The sintered compact may be secured to the base metal 11 by, for example, caulking, press fit, or adhering of the base metal 11, or may be secured to the base metal 11 by taking advantage of expansion of the sintered compact (compressed molded body 114) after sintering, as another example. In this embodiment, a method that secures the compressed molded body 114 to the base metal 11 by taking advantage of expansion of the compressed molded body 114 after sintering will be described.

The base metal 11 is configured to include a cylindrical attachment portion 12a which is secured to the rotor side member by press fit and the like, a contact portion 12b which extends from one end of the attachment portion 12a to the circumference side and comes in contact with a disc end surface of the sintered compact (multipolar magnet 14), and a securing portion 13 which is located at the circumference end of the contact portion 12b in the opposite side of the attachment portion 12a to hold and secure the multipolar magnet 14, for example as shown in FIG. 3. The securing portion 13 has on its inner circumference a holding surface 13a which holds an outer circumference portion 14a of the multipolar magnet 14. As shown in FIG. 1, the holding surface 13a is configured to include a diameter expanding surface 13b which extends from the circumference end of the contact portion 12b to the opposite side of the attachment portion 12a in the axial direction (right side in the figure) and in the diameter expanding direction, a cylindrical surface 13c which extends from the outer circumference end of the diameter expanding surface 13b to the right side in the axial direction, and a diameter reducing surface 13d which extends from the end of the cylindrical surface 13c to the right side in the axial direction and in the diameter reducing direction. In this embodiment, the diameter expanding surface 13b and the diameter reducing surface 13d each have a tapered shape. Furthermore, the outer circumference 14b of the disc-like multipolar magnet 14 has a surface shape following the holding surface 13a of the securing portion 13.

The base metal 11, which comprises the attachment portion 12a, the contact portion 12b, and the securing portion 13, can be integrally formed by, for example, press working. In this case, the cylindrical surface 13c and the diameter reducing surface 13d which have a predetermined width in the axial direction are formed in such a manner that a portion where the cylindrical surface 13c of the securing portion 13 is formed in the inner circumference is subjected to press molding so that it is longer than a predetermined length in the axial direction by a length of the diameter reducing surface 13d to be formed in the inner circumference, and then a portion corresponding to the diameter reducing surface 13d is plastically deformed so as to fold it to the inner circumference side. Needless to say, the base metal 11 having the above shape may be formed only by one press working, for example, with a specific press mold. Alternatively, the base metal 11 may be formed in the above shape by another machining such as cutting.
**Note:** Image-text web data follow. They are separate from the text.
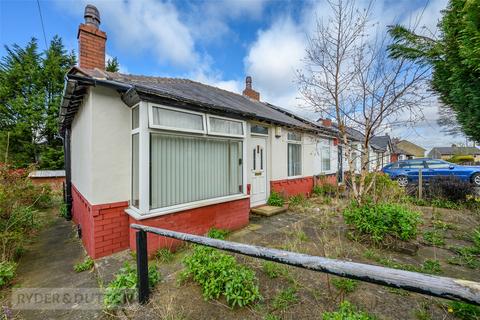 2 bed property, in Cross Lane, £140,000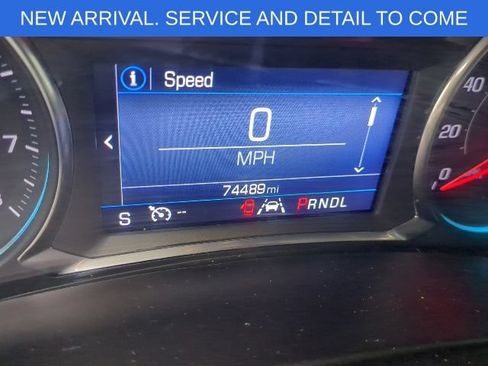 Used 2020 Chevrolet Equinox LT w/ Driver Convenience Package FWD image 2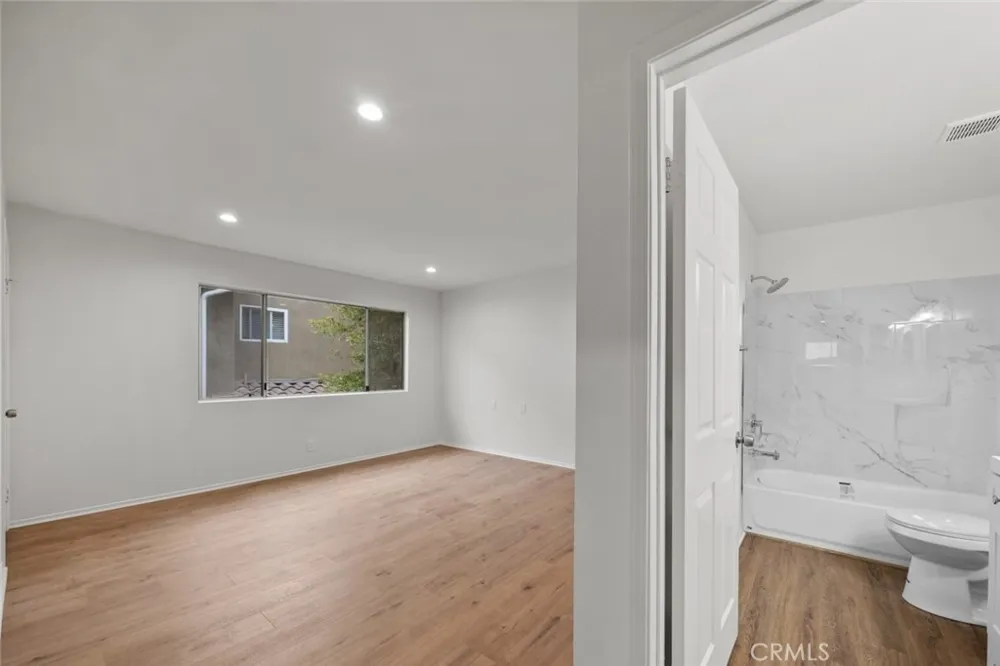 731 E Cypress Avenue #D Burbank, CA 91501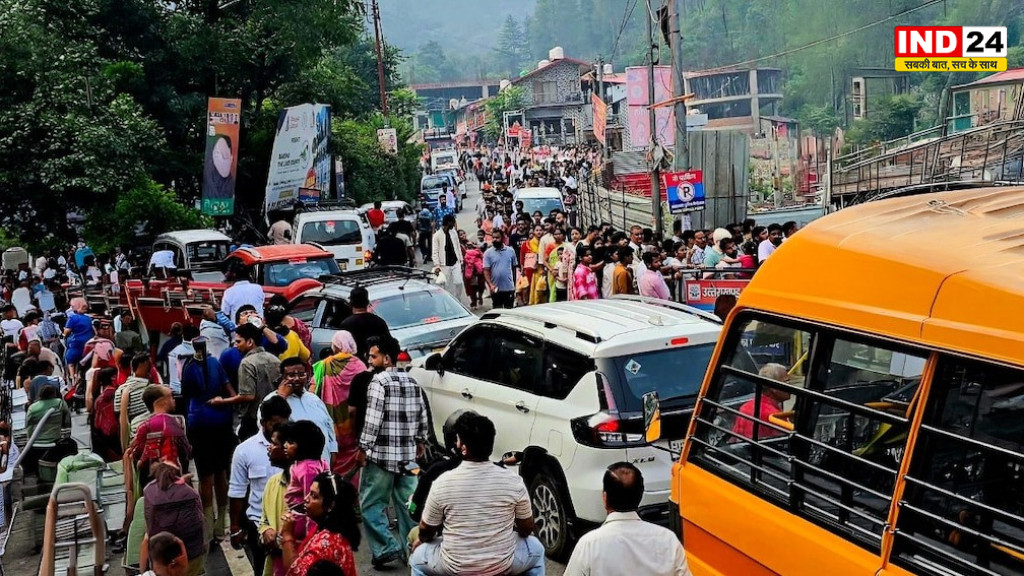 पहाड़ों पर उमड़ा सैलानियों का सैलाब, नैनीताल में कमरे नहीं मिले तो सड़क पर कटी रात, कैंची धाम में लंबा जाम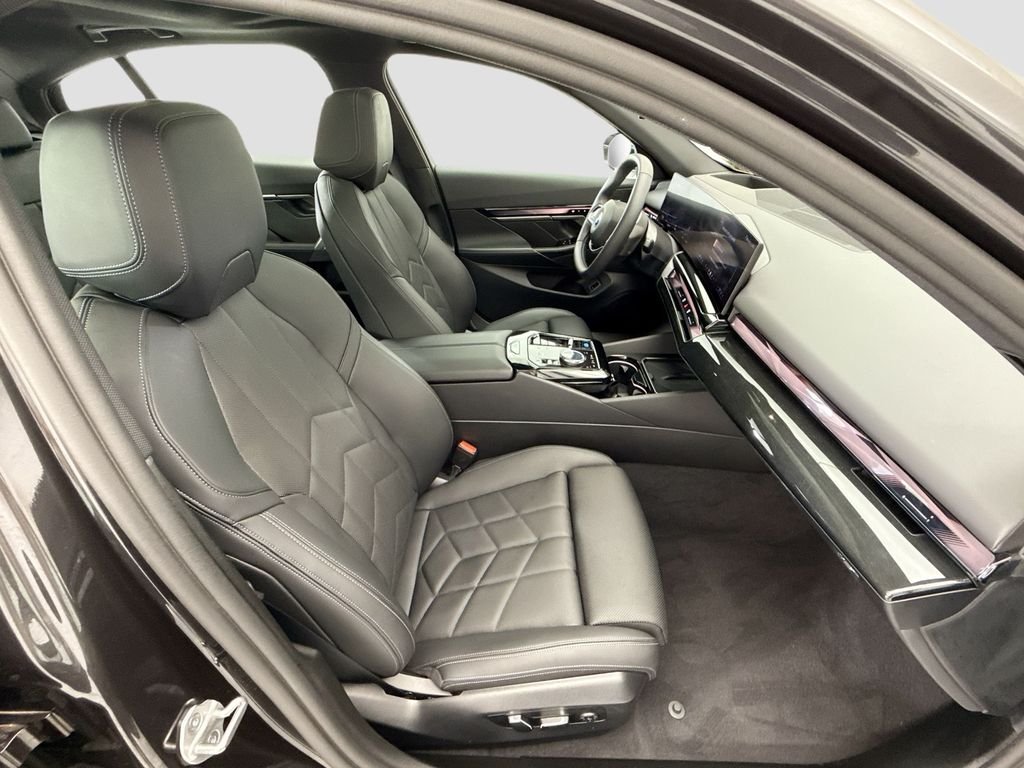 2026 BMW i5 40 - Photo 19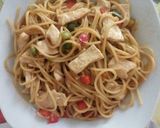 Foto del paso 6 de la receta Tallarines fritos con pimientos y pollo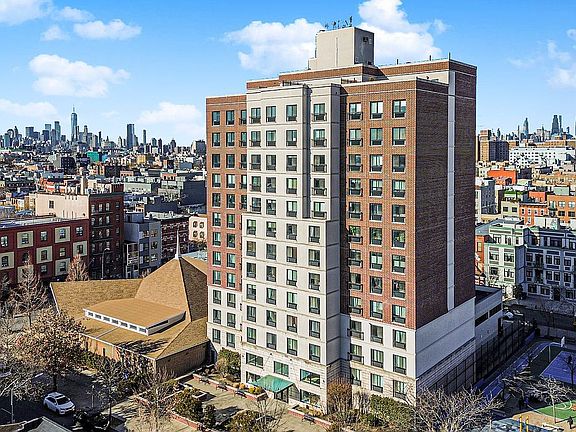 4th image of 775 Lafayette Ave APT 5F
As the material forming the base metal 11, magnetic material, specifically, ferromagnetic metal, for example, stainless steel which is magnetic material and has rust prevention is preferably used. In this embodiment, for example, ferrite-based stainless steel (Japanese Industrial Standard SUS430) is used.

The multipolar magnet 14 (compressed molded body 114) before sintering is attached to the base metal 11 having the configuration described above. Specifically, as shown in FIG. 3, the compressed molded body 114 is sintered with the end surface of the compressed molded body 114 coming in contact with the contact portion 12b of the base metal 11 (at a position denoted by a dashed line in the figure). As in the present embodiment, when samarium-iron based magnetic powder is used as the magnetic powder of the compressed molded body 114 and tin powder is used as the non-magnetic metal powder, the volume of the compressed molded body 114 after sintering is larger than that of the compressed molded body 114 before sintering. In other words, the compressed molded body 114 expands after sintering. Accordingly, an outer circumference portion 114a of the compressed molded body 114 is held by the holding surface 13a of the securing portion 13. In this embodiment, a portion of a circumference surface 114b of the compressed molded body 114 which faces the cylindrical surface 13c is held by the cylindrical surface 13c of the securing portion 13 in the radial direction. Furthermore, portions of the circumference surface 114b which face the diameter expanding surface 13b and the diameter reducing surface 13d, respectively, are held by the diameter expanding surface 13b and the diameter reducing surface 13d of the securing portion 13 in the axial direction. As such, the compressed molded body 114 is held and secured to the base metal 11.

According to this securing method, load to the sintered compact at securing can be adjusted with dimensional accuracy of the base metal 11 which is formed by, for example, press working, without caulking to secure. Accordingly, it allows accurate securing compared with securing by caulking, which is easy to cause uneven caulking amount. Furthermore, according to the securing method, sintering of the compressed molded body 114 and securing to the base metal 11 can be performed at the same time, thereby simplifying working process and reducing the cost.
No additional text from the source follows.